> **Input records**:
*****
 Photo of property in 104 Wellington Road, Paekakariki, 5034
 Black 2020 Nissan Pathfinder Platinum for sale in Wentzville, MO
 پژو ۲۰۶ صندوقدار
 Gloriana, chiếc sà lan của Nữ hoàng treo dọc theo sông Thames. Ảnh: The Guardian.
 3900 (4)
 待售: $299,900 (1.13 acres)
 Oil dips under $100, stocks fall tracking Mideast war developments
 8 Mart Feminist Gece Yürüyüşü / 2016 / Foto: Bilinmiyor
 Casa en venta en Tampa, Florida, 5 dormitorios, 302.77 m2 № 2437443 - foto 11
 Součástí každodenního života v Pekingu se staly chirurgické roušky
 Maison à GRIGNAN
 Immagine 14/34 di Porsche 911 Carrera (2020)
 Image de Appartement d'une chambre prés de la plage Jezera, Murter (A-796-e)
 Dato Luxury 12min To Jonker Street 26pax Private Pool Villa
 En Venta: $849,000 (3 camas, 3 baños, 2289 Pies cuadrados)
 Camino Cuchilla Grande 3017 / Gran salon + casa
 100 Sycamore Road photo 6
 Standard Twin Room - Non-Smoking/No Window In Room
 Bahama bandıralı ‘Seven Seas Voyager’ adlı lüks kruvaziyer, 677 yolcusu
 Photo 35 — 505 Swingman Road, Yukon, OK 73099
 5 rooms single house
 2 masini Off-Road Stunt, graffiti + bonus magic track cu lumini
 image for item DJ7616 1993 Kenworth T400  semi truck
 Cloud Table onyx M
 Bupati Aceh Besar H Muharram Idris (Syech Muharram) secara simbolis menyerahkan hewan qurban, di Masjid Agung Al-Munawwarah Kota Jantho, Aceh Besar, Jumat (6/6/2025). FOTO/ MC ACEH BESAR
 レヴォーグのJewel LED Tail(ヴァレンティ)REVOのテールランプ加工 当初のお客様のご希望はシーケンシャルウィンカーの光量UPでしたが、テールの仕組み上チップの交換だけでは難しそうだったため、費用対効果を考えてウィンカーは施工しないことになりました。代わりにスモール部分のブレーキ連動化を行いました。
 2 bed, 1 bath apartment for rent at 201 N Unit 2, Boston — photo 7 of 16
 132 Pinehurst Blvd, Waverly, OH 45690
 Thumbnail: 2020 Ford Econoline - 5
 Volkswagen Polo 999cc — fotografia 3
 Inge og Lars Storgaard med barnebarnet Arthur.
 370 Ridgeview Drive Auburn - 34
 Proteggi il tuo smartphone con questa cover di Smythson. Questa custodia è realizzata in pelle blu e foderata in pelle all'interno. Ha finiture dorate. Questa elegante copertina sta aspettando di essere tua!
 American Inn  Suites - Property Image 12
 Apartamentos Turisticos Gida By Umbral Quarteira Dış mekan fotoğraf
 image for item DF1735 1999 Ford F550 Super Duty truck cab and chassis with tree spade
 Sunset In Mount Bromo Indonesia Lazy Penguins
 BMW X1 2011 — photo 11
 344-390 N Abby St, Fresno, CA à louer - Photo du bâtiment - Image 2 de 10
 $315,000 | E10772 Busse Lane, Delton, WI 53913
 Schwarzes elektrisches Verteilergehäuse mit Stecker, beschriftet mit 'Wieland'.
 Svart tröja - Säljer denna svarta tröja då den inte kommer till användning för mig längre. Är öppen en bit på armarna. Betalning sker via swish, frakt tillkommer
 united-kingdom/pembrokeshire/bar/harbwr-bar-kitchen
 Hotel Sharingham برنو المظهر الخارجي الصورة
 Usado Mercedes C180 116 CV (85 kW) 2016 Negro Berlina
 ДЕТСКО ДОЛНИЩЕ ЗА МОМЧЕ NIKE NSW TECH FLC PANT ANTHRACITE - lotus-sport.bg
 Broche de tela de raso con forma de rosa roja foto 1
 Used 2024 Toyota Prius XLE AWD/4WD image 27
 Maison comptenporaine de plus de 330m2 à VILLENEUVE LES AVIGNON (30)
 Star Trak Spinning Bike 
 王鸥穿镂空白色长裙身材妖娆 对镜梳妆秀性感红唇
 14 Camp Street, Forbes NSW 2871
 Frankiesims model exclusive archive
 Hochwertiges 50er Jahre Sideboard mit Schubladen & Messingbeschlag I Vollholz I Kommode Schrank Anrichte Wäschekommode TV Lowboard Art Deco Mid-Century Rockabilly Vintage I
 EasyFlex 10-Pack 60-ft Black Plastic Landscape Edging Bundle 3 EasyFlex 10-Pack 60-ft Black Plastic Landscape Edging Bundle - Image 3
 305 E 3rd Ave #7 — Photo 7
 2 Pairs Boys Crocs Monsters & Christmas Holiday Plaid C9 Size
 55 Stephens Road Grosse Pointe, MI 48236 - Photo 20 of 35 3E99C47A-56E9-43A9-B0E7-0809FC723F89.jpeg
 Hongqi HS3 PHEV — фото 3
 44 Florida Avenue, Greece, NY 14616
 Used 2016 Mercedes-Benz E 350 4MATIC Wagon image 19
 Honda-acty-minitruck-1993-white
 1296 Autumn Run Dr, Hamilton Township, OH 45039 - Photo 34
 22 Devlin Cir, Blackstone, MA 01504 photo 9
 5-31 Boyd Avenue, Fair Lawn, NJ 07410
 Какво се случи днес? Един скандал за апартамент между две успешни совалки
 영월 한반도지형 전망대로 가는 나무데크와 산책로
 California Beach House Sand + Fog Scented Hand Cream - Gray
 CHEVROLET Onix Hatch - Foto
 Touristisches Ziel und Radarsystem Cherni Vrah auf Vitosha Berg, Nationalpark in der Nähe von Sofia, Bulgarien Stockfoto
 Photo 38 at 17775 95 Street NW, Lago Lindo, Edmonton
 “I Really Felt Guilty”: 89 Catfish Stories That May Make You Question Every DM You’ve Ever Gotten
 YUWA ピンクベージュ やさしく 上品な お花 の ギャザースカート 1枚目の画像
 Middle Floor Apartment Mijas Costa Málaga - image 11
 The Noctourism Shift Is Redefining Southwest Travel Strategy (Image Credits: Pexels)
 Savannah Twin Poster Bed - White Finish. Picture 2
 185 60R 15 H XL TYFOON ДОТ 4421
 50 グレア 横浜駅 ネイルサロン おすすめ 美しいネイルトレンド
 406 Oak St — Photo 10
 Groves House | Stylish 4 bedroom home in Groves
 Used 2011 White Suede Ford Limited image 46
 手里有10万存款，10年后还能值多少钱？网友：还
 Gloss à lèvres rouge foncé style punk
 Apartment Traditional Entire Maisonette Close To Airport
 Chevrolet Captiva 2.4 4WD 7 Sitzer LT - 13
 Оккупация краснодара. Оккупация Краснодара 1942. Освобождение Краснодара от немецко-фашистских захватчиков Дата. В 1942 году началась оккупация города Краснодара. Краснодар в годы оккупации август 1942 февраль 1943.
*****
> **Task to carry out**: In the entries above, please find the line with "Součástí každodenního života" and the line with "Bupati Aceh Besar", then write out exactly those two lines and every line between them, and nothing more.

> **Solution for this problem**:
 Součástí každodenního života v Pekingu se staly chirurgické roušky
 Maison à GRIGNAN
 Immagine 14/34 di Porsche 911 Carrera (2020)
 Image de Appartement d'une chambre prés de la plage Jezera, Murter (A-796-e)
 Dato Luxury 12min To Jonker Street 26pax Private Pool Villa
 En Venta: $849,000 (3 camas, 3 baños, 2289 Pies cuadrados)
 Camino Cuchilla Grande 3017 / Gran salon + casa
 100 Sycamore Road photo 6
 Standard Twin Room - Non-Smoking/No Window In Room
 Bahama bandıralı ‘Seven Seas Voyager’ adlı lüks kruvaziyer, 677 yolcusu
 Photo 35 — 505 Swingman Road, Yukon, OK 73099
 5 rooms single house
 2 masini Off-Road Stunt, graffiti + bonus magic track cu lumini
 image for item DJ7616 1993 Kenworth T400  semi truck
 Cloud Table onyx M
 Bupati Aceh Besar H Muharram Idris (Syech Muharram) secara simbolis menyerahkan hewan qurban, di Masjid Agung Al-Munawwarah Kota Jantho, Aceh Besar, Jumat (6/6/2025). FOTO/ MC ACEH BESAR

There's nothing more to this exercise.